Code Quality Standards

Non-negotiable code quality standards. These are not preferences — they are requirements.

The Problem

AI agents produce code that works but diverges. Each session picks slightly different names, nesting patterns, and error handling approaches — not by design, but by independence. Over time this drift compounds: the codebase accumulates three ways to handle errors, four naming conventions, and scattered magic numbers that almost-but-don't-quite match. These standards collapse that divergence to zero so refactoring stays small and infrequent.

Consumption

Builders: Read ## Builder Checklist before writing code. Reference narrative sections when a checklist item is ambiguous.
Refactorers: Use ## Enforced Rules as your issue list. Read narrative sections for fix guidance.
Both: Narrative sections are the authoritative standard. Checklist and rules table are compressed views of the same content.

Test-Driven Development: 4-Layer Validation Framework

Layer 1 — Unit Tests (does the logic work?)

Test individual functions, calculations, state transformations, and data formatting in isolation. Pure input/output — given this input, do I get this output? Mock everything around the piece being tested. These are fast, cheap, and should be the most numerous. Covers: happy path, the specific case you're building for, and edge cases.

Layer 2 — Integration Tests (do the pieces connect?)

Test how multiple pieces work together. API calls return expected shapes, components render with correct props, database queries return the right data, hooks and state management wire up properly, modules pass data between each other correctly. These catch the "works alone, breaks together" problems.

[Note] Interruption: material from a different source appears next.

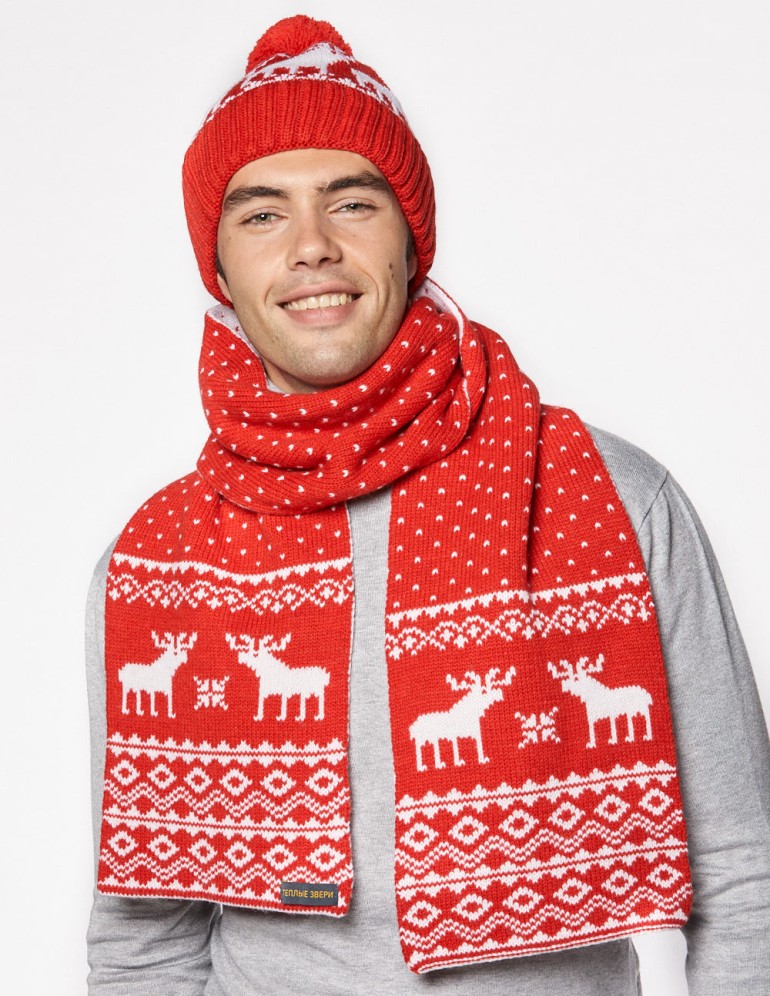 Мужские шапка и шарф с оленями - фото1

Layer 3 — Behavioral Tests (does the flow work?)

Test the full user-facing flow end to end using automated tools like Playwright or similar. Simulate real interactions — click this, expect that, navigate here, form submits correctly, data appears where it should. Also test adjacent flows to make sure nothing regressed. These are slower and more brittle, but they catch what the other layers miss.

Layer 4 — Human Verification (does it actually feel right?)

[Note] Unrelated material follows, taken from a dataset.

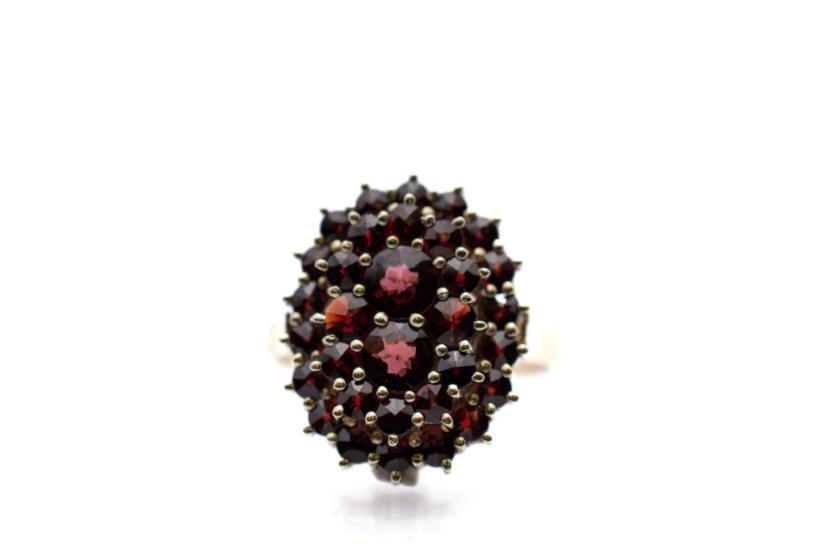 Stříbrný prsten s českými granáty, vel. 56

Everything automated tests literally cannot judge: does it look correct visually, does the animation feel smooth, does the UX make intuitive sense, does the data on screen match real-world expectations, does it work on your actual device and screen size. After layers 1-3 pass, generate a specific manual checklist based on what changed — not generic checks. If the work touched a chart component, ask the human to eyeball the chart. If it touched an API integration, ask them to verify real data flows through. If it touched layout, ask them to check it at their actual screen width.

The TDD Principle

In true TDD, layers 1-3 are written before any implementation code. All tests should fail initially — that's the point. The tests define what you're building. Then you write code until they pass. Layer 4 is the final gate after everything else is green.

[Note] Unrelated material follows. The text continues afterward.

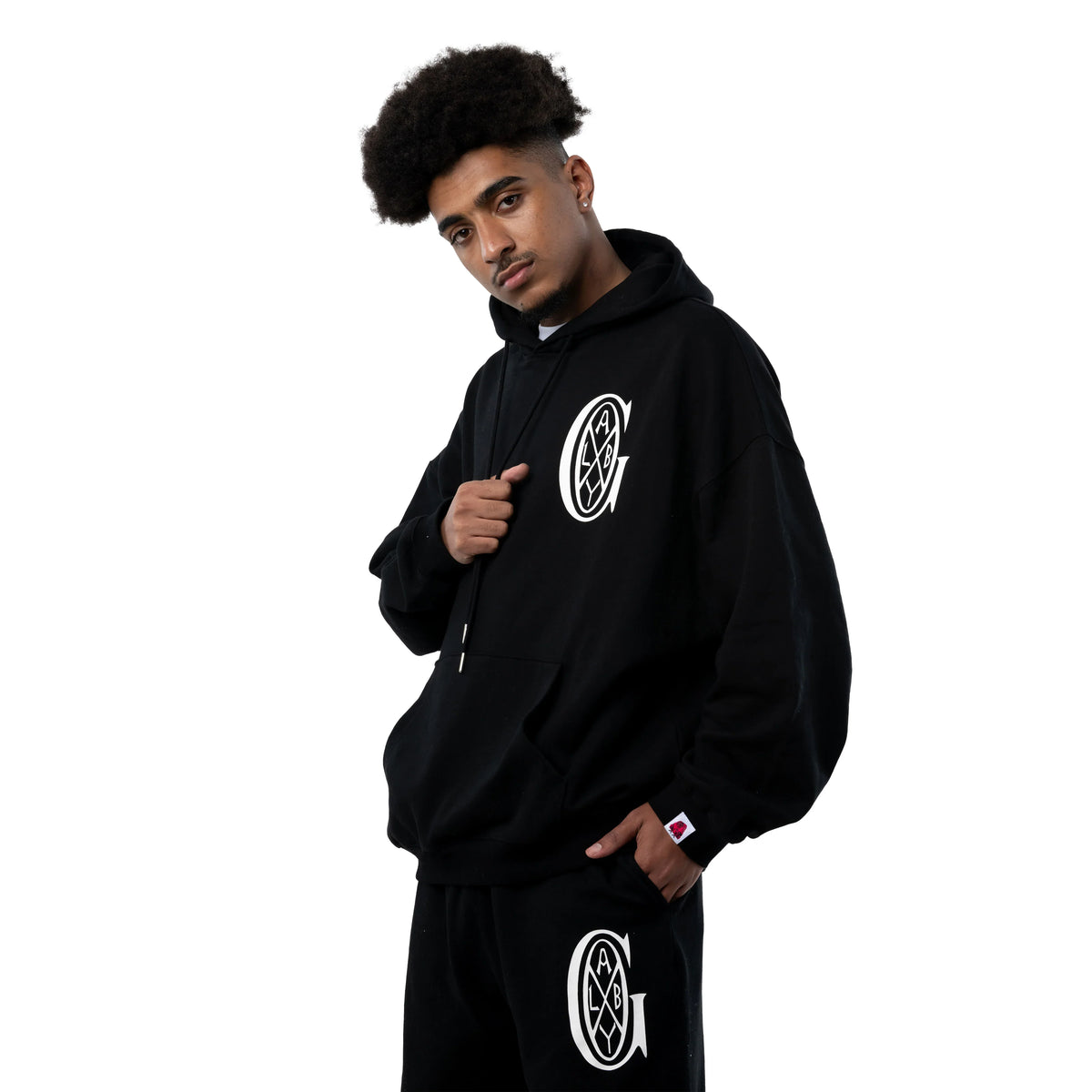 CREST HOODIE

The cycle for every change:

Red — Write a failing test
Green — Write the minimum code to make it pass
Refactor — Clean up without changing behavior
Repeat at Layer 1 until the unit is complete, then Layer 2, then Layer 3
Layer 4 is the final gate after all automated layers are green

When in doubt: Slow down, write the test, make the smallest possible change.

What Makes a Good Test

Structure every test as Arrange-Act-Assert:

def test_apply_discount_reduces_total():
    # Arrange — set up the scenario
    cart = Cart(items=[Item(price=100)])
    discount = Discount(percent=20)

    # Act — perform the action under test
    cart.apply_discount(discount)

    # Assert — verify the outcome
    assert cart.total == 80

One concept per test. If a test name has "and" in it, split it into two tests.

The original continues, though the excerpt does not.